PROBLEM REQUIREMENTS -
Using the entries that follow, write out the line containing "エル・サン・レイク その他1", the line containing "Patagonia Fitz Roy", and every line between them, exactly and nothing else.

GIVEN INFORMATION -
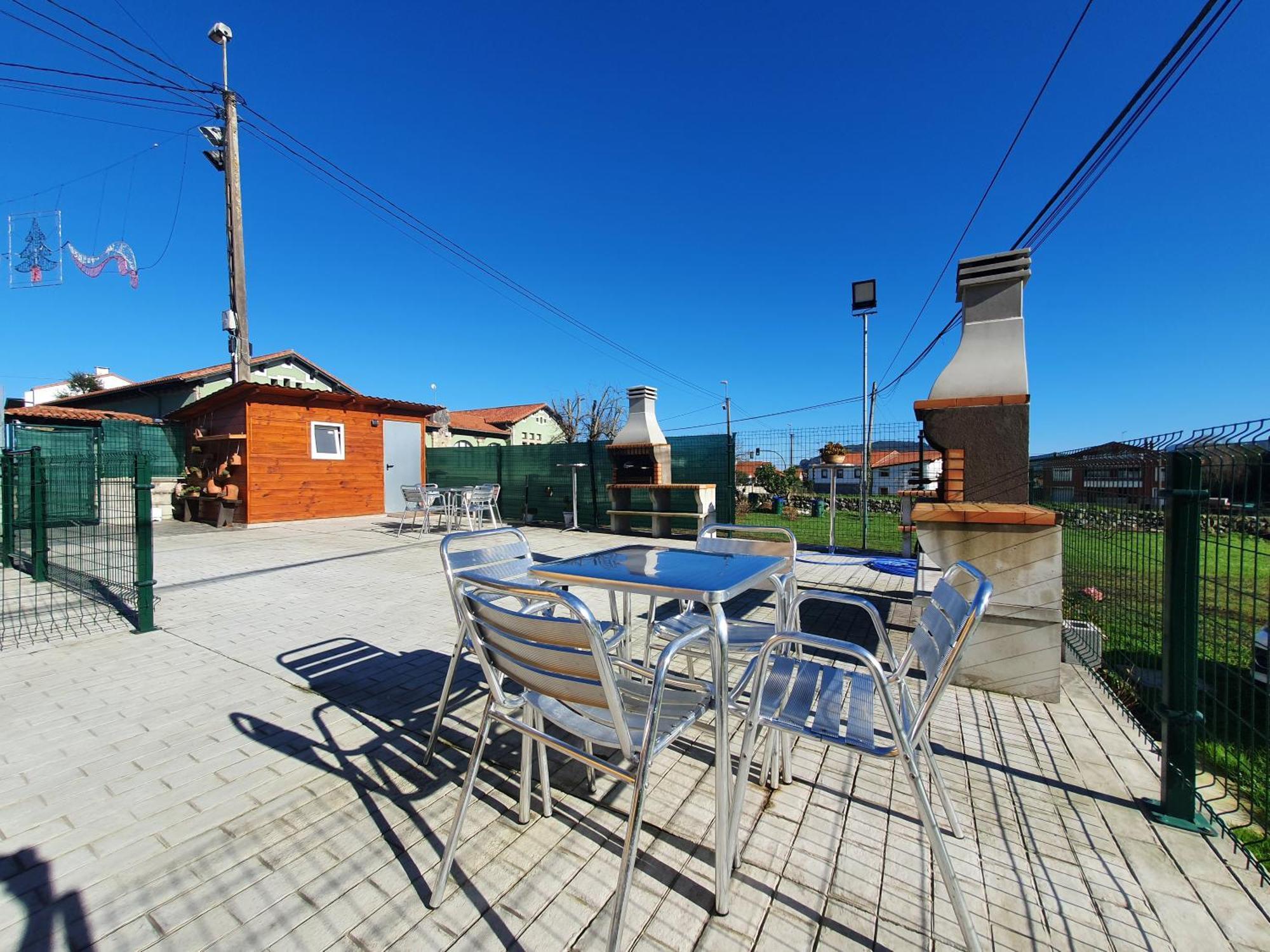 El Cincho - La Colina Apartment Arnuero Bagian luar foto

* * *

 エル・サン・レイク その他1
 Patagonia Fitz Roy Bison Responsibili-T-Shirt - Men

* * *

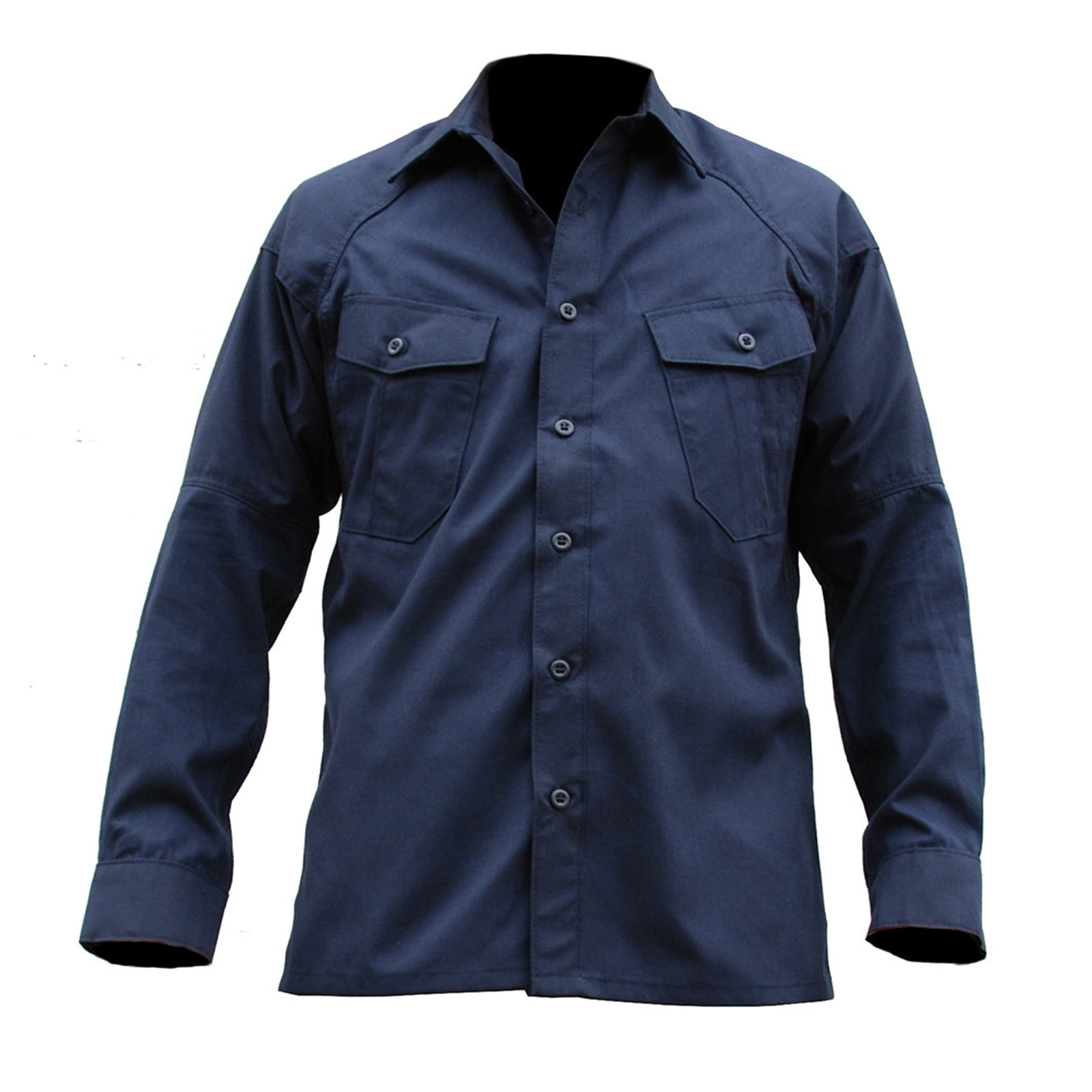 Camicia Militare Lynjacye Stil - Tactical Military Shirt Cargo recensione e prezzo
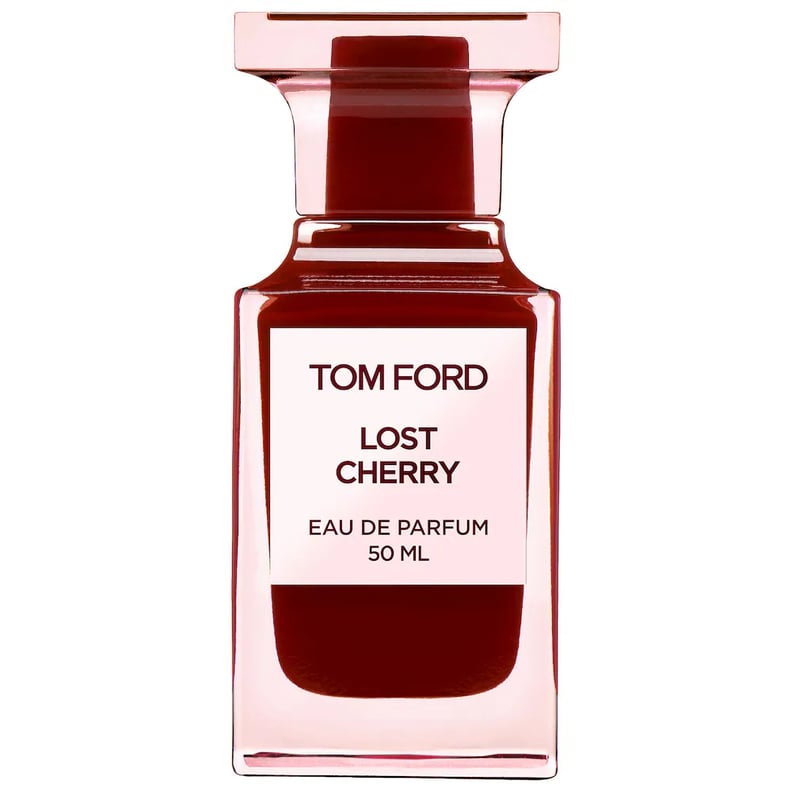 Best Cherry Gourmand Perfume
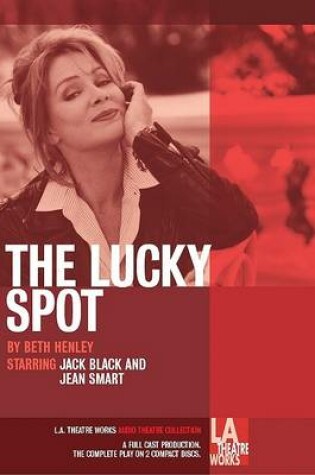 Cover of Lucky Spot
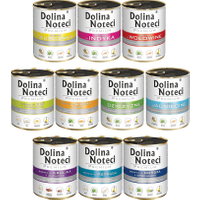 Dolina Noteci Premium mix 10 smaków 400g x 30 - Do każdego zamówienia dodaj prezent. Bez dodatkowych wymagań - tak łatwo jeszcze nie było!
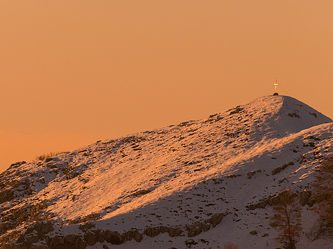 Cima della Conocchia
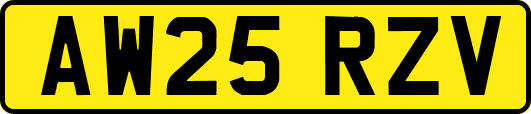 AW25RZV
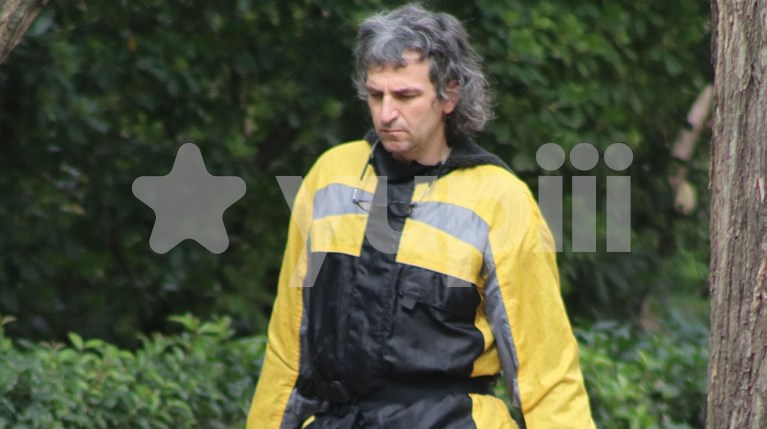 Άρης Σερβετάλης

SOLUTION FOR THIS PROBLEM -
 エル・サン・レイク その他1
 Patagonia Fitz Roy Bison Responsibili-T-Shirt - Men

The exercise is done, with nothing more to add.